Monday, September 19, 2011

Southern Africa as the next "oil boom"

JOHANNESBURG - Recent discoveries of oil in SA’s neighbours Mozambique and Namibia may revolutionise economies in the region, and provide substantial opportunity for SA, provided they are managed right.

An estimated 11bn barrels worth of oil were recently discovered in fields around Namibia’s southern coast while American Oil Company Anadarko has discovered oil reserves off the coast of Mozambique.
Although these discoveries are not massive in global terms they are, especially the Namibian discovery, significant, and are likely to spark an intensification of exploration activity in the region which may result in yet more findings.

And SA, according to Deloitte’s global head for oil and gas, Adi Karev and his South African counterpart, Anton Botha, may stand to benefit significantly.
 “There’s a saying in the oil and gas business that you can do two things when you explore (you can) explore next to the well that you have already found and your probability of finding more is higher, or explore further away in places you’ve never explored before and that probability is lower.
 “The more we find in Africa, the higher the probability that we will find more,” said Karev.
In light of these discoveries, asked whether Africa could be the next oil growth story, Karev responded by saying “it is, without any doubt.”

Africa “represents a higher potential than it has in the past”, he said indicating that it has now become one of “multiple” regions with significant potential to benefit from an oil boom.
But “Africa is not the USA,” he commented as he graciously recognised that Africa is a continent, not a country and “there are countries that posses, within that context of higher promise (even) higher promise”.
That level of promise is related not only to the size and number of reserves, said Karev, but to the available levels of technological expertise and regional infrastructural capacity needed to exploit those reserves.
This is where SA stands to benefit.

“When you find oil in most developed economies where the environment for services is ripe and acceptable (and) in environments where you find oil in proximity to economies that are well developed, and SA is a well developed economy, there are a number of ‘circles’ (of benefit and growth) that come out of that,” said Karev.

The immediate benefit comes from the extraction of that oil and the engineering activities associated with that extraction and SA stands to benefit by leveraging its existing capacity to help in these efforts.
But it is in the down-stream support services required for oil (and gas) extraction that offers the primary opportunity for SA.

“The closer oil finds and gas finds come to the borders the greater the opportunity for us in SA to leverage the expertise that we have and the capabilities that we have,” says Botha.
“Oil services will boom in this part of the world …  with SA having the ports, engineers, services and logistics … to support this industry that’s absolutely booming in Africa, I believe … that oil services (in SA) will boom,” he said.

The responsible exploitation of oil could be a game changer for Sub-Saharan Africa but for it to be a success there will need to bet a significant and “mature” buy-in from the region’s governing elite, say Karev and Botha.

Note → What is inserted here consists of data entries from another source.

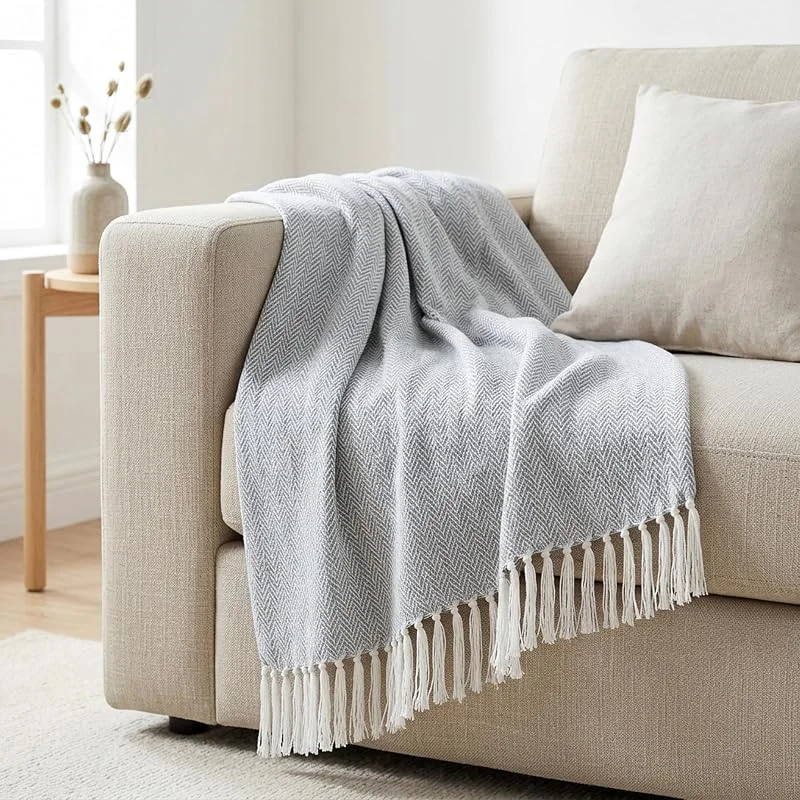 Chevron-Sofadecke – Weiche und warme Decke für Couch, Sofa und Bett – Waffelstruktur, gemütlich, flauschig und leicht – Grau, 50 x 60 Zoll — Heizung Warmepumpe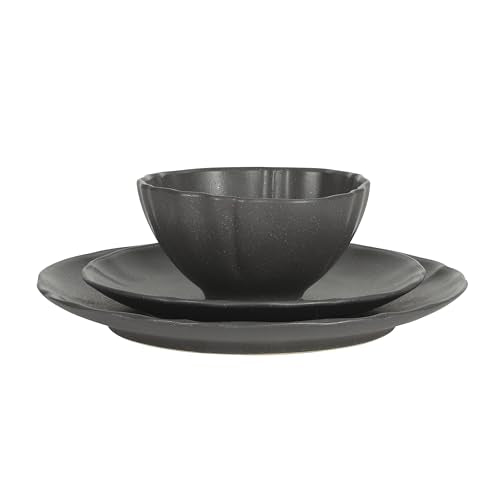 Gibson Elite Vista Rossio - Made In Portugal - 12 Piece Dinnerware Set for 4, Black Ceramic Plates and Bowls Sets, Stoneware Dishware Set with Scalloped Edge, Dinner Plates Salad Plates & Cereal Bowls - color: Black (Vista Rossio Dinnerware)
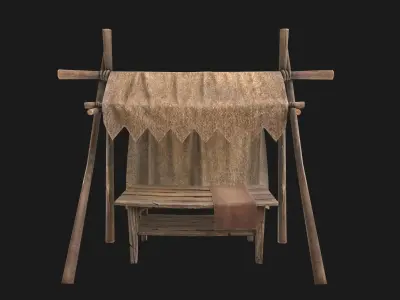 Street Stall Low-poly 3D model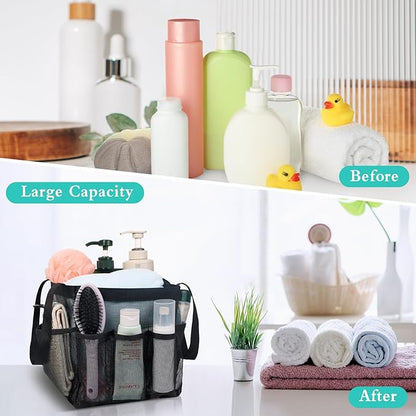 Attmu Mesh Shower Caddy Portable, Quick Dry Hanging Shower Tote Bag for College Dorm Room Essentials, Large Capacity Shower Caddy Dorm for Bathroom Gym Swimming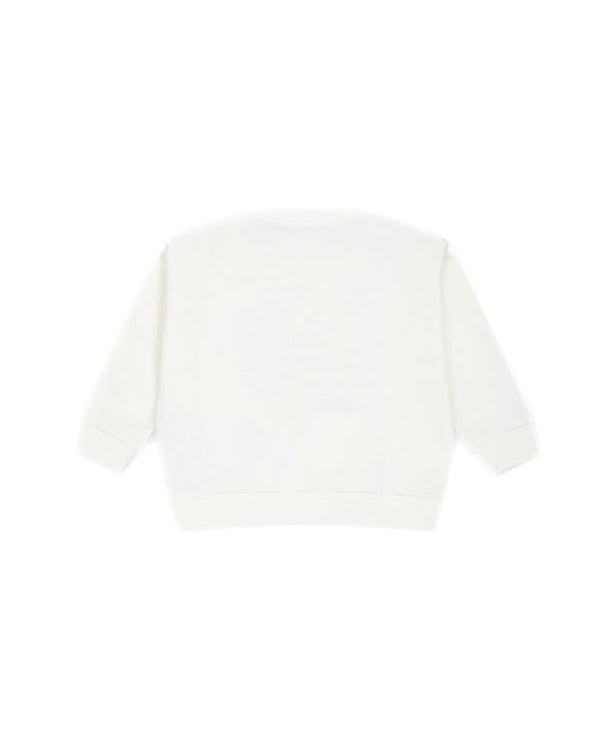 Moschino Kids Felpa Girocollo Panna con Stampa per Neonate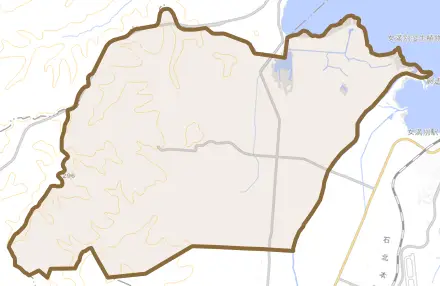 女満別住吉とその周辺の地図。町の範囲を重ねている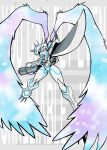  absurdres angel_wings arm_blade arm_cannon armor blue_eyes cape commentary digimon digimon_adventure digimon_adventure_tri. glowing helmet highres horns katana no_humans omegamon omegamon_merciful_mode spikes sword translation_request weapon white_wings wings 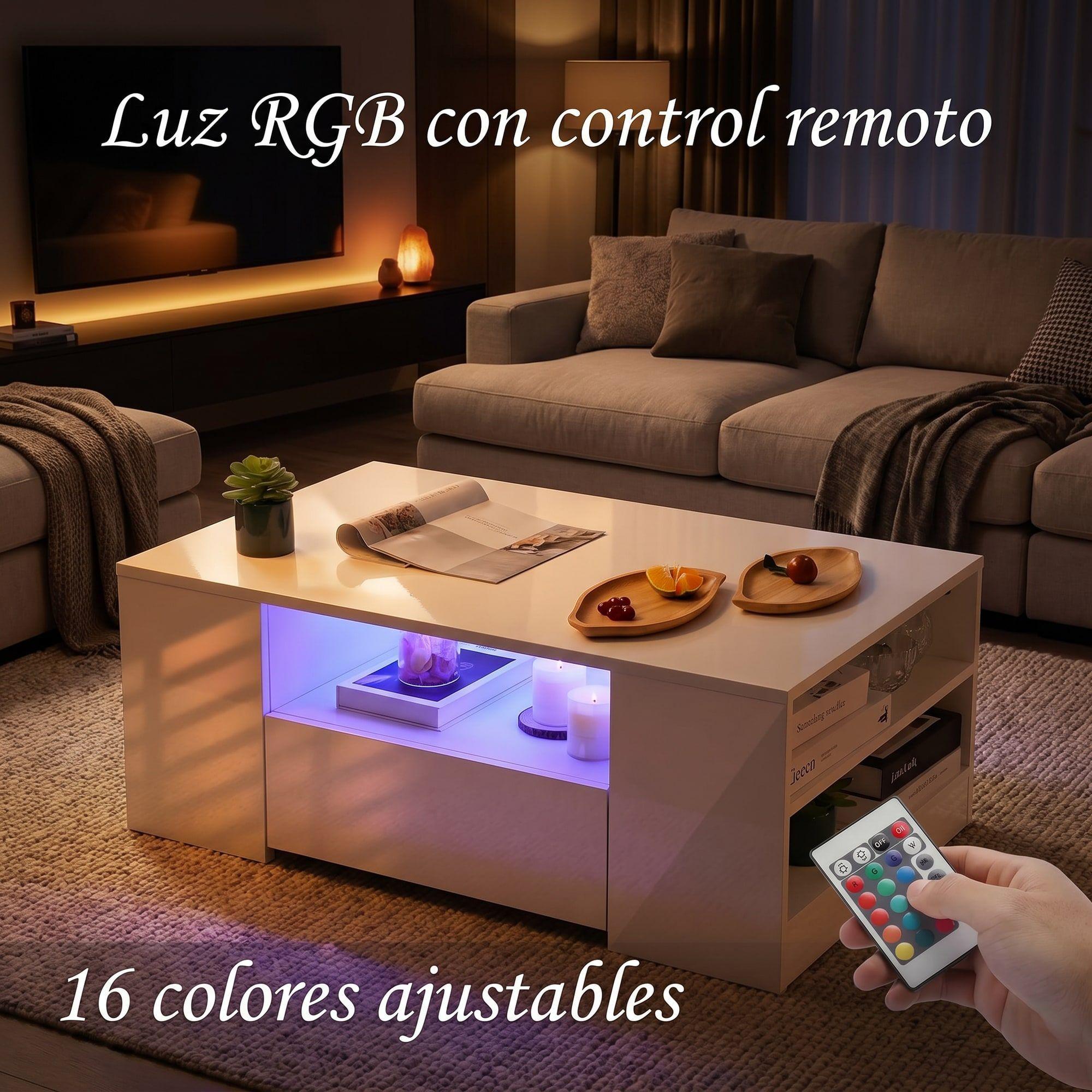 Mesa De Centro Con Luz 2 Cajones Living 95x55x37cm Brillante Color Blanco-7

Political instability and, dare we say greed, may pose the greatest risk to a potentially great opportunity.

“There are a number of ways that politics tends to impact the ‘appropriate exploitation of reserves’,” says Karev, “not the least of which is the recognition that you cannot run the exploration and production activities that are long term, very engineering oriented and need to be intensively managed (and) operationally controlled in cycles that mimic the cycles that are associated with political changes (in Africa and elsewhere).

“When you do you end up under-exploiting, you end up under-leveraging and creating inefficiencies”.
Ultimately, says Karev, the investment/extraction cycles associated with oil last upwards of four decades, political cycles fluctuate in a matter of years, creating a stable environment across these cycles is the challenge.
“What we have not seen in Africa is the ability of creating this arm-length relationship,” where politicians allow oil projects to run without too much interference while creating an environment of sustained support.